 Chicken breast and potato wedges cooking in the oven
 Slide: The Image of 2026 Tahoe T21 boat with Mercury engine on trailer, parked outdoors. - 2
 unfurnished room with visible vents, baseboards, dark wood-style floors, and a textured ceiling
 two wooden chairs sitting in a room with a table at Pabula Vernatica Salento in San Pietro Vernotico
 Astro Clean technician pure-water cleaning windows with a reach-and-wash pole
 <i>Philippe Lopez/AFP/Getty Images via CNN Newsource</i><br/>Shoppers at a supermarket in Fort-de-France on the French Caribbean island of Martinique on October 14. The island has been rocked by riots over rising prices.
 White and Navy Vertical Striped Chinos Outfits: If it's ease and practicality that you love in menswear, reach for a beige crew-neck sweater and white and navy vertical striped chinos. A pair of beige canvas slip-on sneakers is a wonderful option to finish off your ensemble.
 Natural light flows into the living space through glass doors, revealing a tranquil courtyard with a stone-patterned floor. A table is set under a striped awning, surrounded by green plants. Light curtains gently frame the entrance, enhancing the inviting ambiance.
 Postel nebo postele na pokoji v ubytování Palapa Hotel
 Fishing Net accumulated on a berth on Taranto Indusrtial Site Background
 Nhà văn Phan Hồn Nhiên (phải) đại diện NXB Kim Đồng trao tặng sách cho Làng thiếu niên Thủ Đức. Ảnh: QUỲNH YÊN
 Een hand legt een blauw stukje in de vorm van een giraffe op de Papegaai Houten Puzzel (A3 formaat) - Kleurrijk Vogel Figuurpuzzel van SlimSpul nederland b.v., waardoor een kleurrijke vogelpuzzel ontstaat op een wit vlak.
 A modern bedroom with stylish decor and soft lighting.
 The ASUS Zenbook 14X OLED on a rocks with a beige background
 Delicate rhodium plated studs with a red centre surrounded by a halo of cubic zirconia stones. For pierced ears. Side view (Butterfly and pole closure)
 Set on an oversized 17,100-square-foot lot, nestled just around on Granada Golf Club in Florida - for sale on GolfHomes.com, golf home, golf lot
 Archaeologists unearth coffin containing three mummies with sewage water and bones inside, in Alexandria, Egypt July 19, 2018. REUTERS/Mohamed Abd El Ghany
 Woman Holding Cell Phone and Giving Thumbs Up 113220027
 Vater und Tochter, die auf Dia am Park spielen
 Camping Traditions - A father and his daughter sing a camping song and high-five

# # # #

__EXERCISE__: Return, from the material above, every line with the word "water".

__TASK OUTPUT__:
 Astro Clean technician pure-water cleaning windows with a reach-and-wash pole
 Archaeologists unearth coffin containing three mummies with sewage water and bones inside, in Alexandria, Egypt July 19, 2018. REUTERS/Mohamed Abd El Ghany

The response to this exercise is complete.